I watched a nuthatch too, in the top of the goat willow, tap, tap, tap. An ink-streaked dart, clinging at impossible angles. I wonder what he makes of Finch, pulleying a pallet into the goat willow for a treehouse. Tap, tap, tap goes Finch, clinging at impossible angles. Later, when he’s not looking, we’ll make sure it’s safe and add a few struts to be sure, but for now, we don’t want to intrude on his dreams.

December: frost makes the pavements twinkle in car headlights; clover leaves are encrusted with glistening jewels in the top field. I pin a card to the inside of the allotment shed, wishing the new tenants the very best of growing. Deep breath, it’s a big moment to hand on this patch of soil that has taught me so much. We put the last tools in the back of the pick-up and secure the bench with ropes.

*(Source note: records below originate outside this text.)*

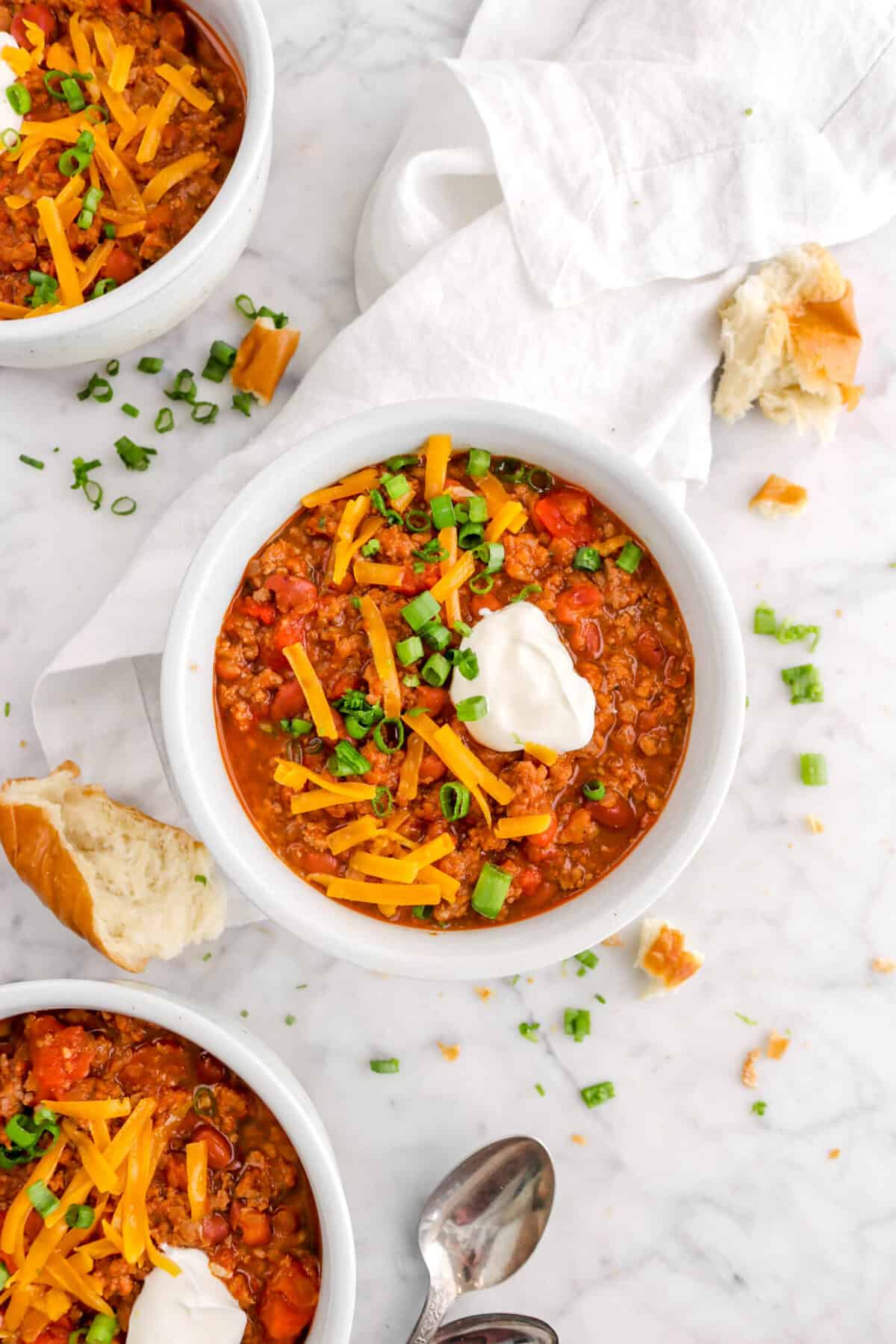 overhead shot of chili with bread, green onions, sour cream, and cheese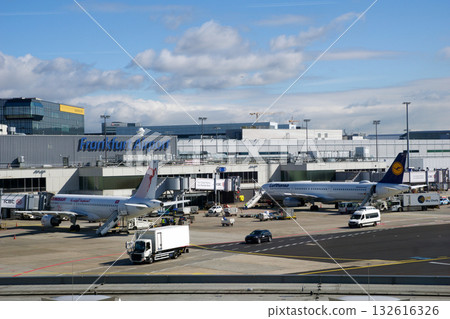 Frankfurt, Germany, September 13, 2019: Short-Haul Aircraft and Ground Vehicles at Frankfurt Airport Frankfurt, Germany, September 13, 2019: Short-Haul Aircraft and Ground Vehicles at Frankfurt Airport 132616326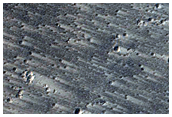 Flows and Fesenkov Crater Ejecta
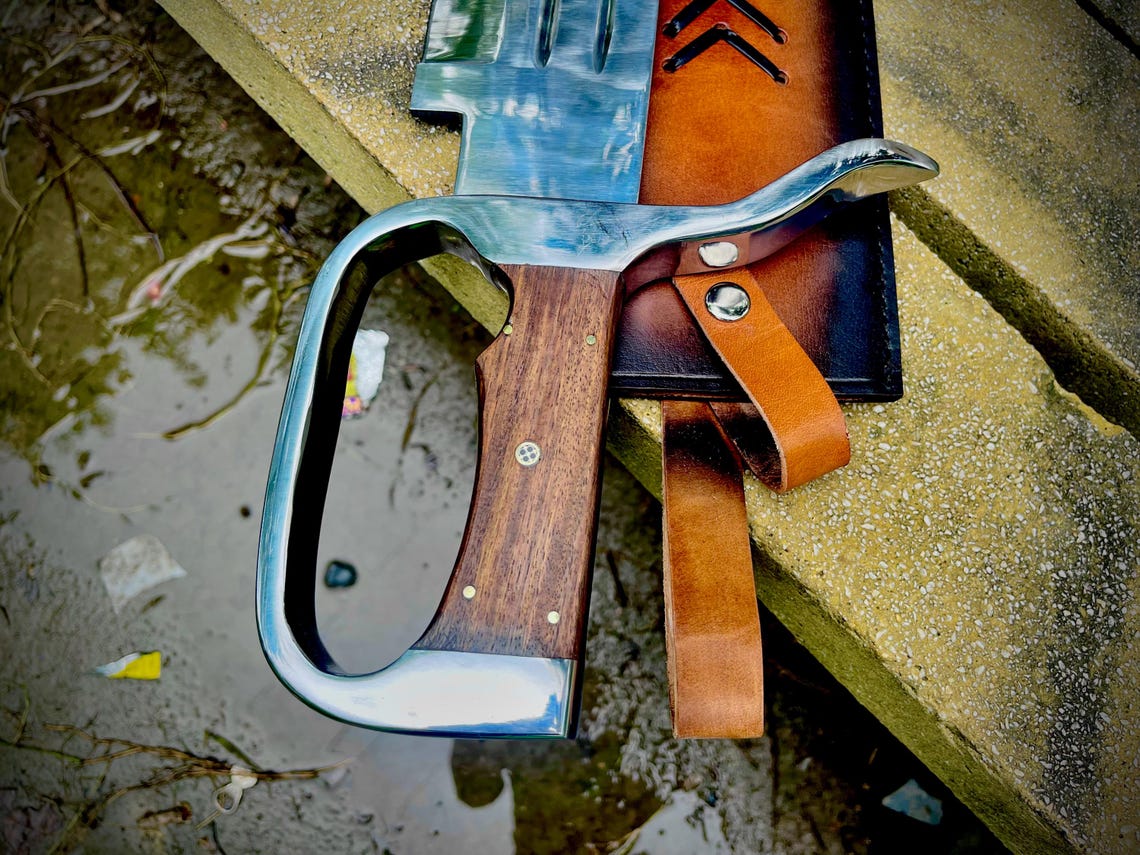 Oversized handmade D-Guard Bowie knife with full tang blade and leather sheath.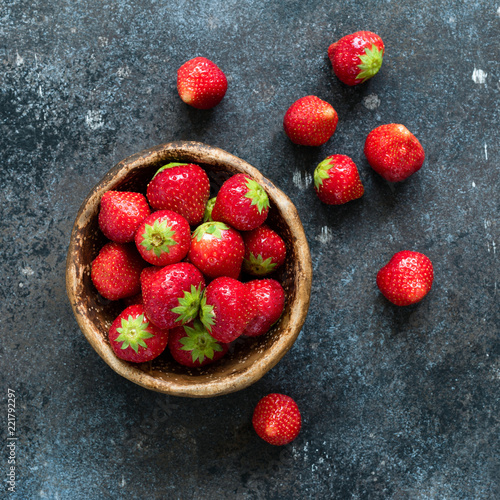 Fresh strawberries in a bowl. Top view, square crop. Healthy sweet food, dessert or snack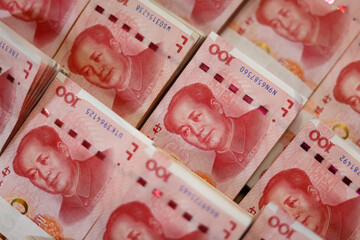Bundles of Renminbi. Chairman MAO zedong's portrait on the background of 100 Yuan, Chinese banknotes, RMB banknotes. Chinese or Asian economic growth, financial business, the concept of a US trade war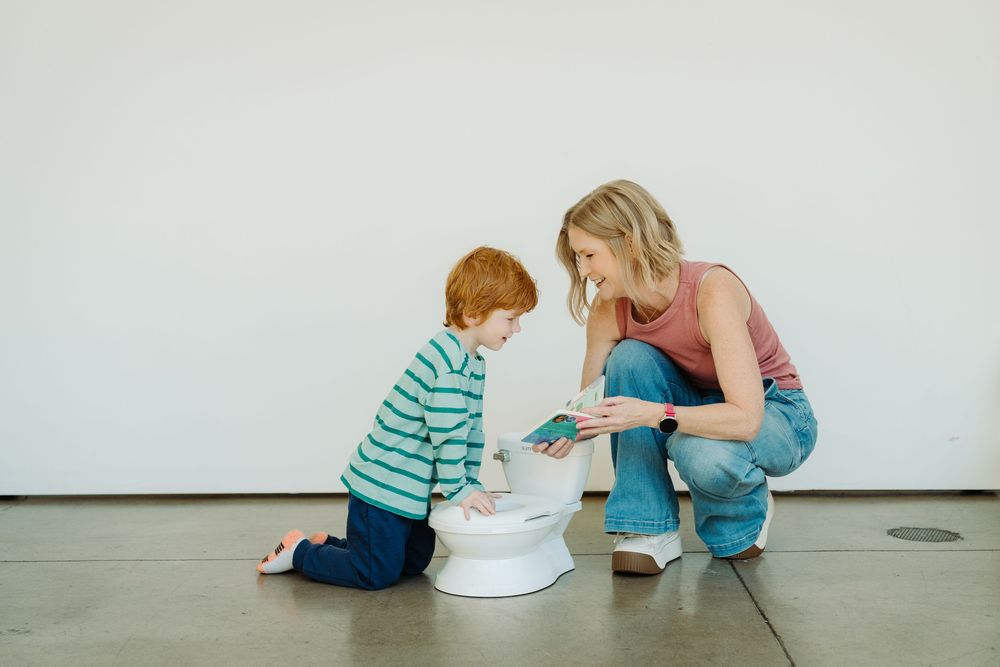 Wizzy Fizzies founder Angie mixing colors with her kids during a Denver brand photography session with McGlone Photography.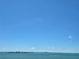 Expansive ocean view with clear blue sky, showcasing tranquil waters and distant cityscape from this home at 35 Watergate Dr # 1103, Sarasota, FL 34236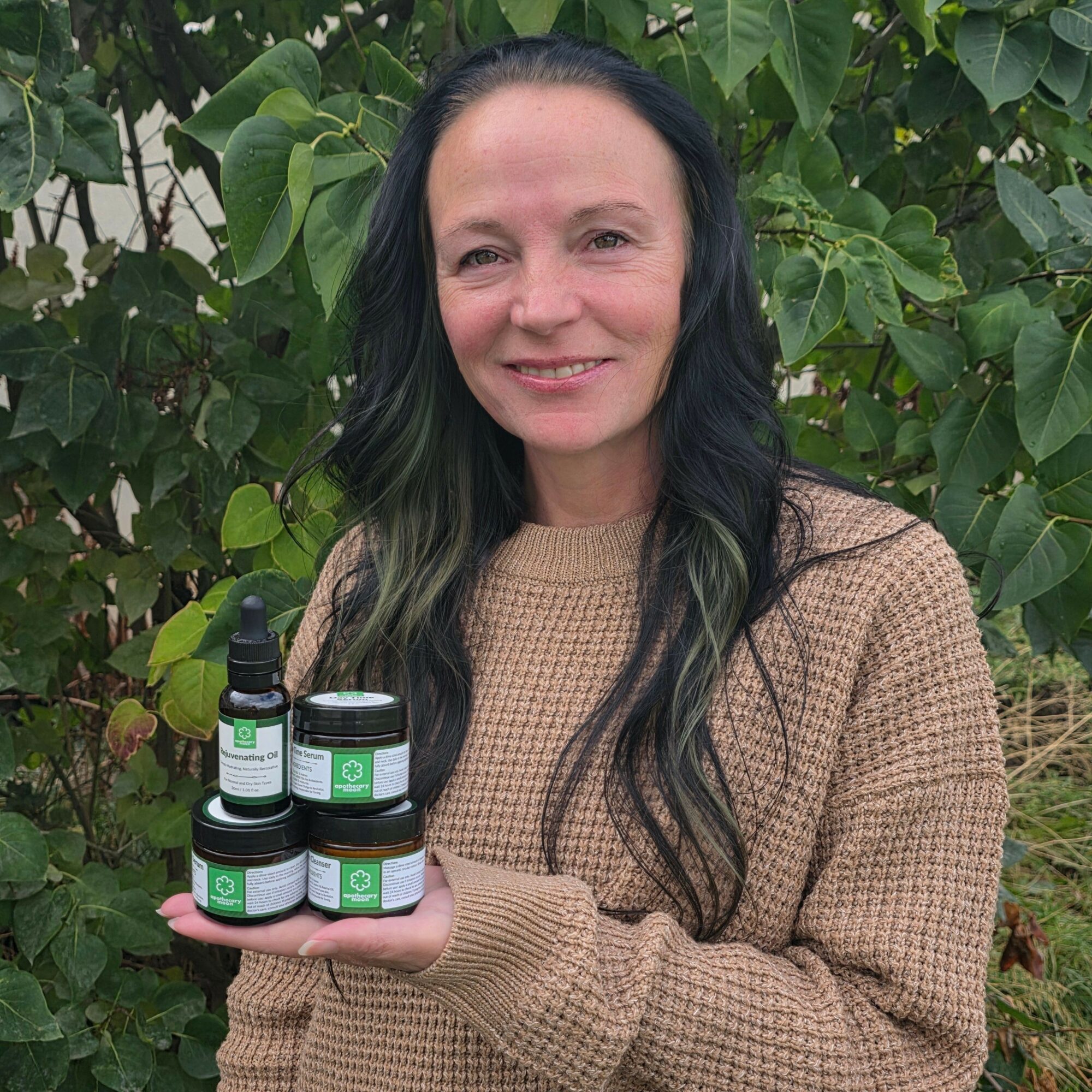 Woman with long dark hair smiling outdoors, holding three small bottles, surrounded by green foliage.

I padlock the gates, and that’s that. Not quite. Our plot neighbours call to us to pop back for tea, we know when they’ll be there, the same as usual. And they’d love to visit the land.

The house is a hive of festive activity: learning lines and arguing over costumes for school plays; Christmas songs jingling in the kitchen; hunting for change for the school raffle; half-written Christmas cards; letters to Santa ready to post; boxes hidden in the back of the wardrobe; advent calendars propped up on the piano; plans to make my own mincemeat abandoned; paper and ribbons. Little things that make the world go round.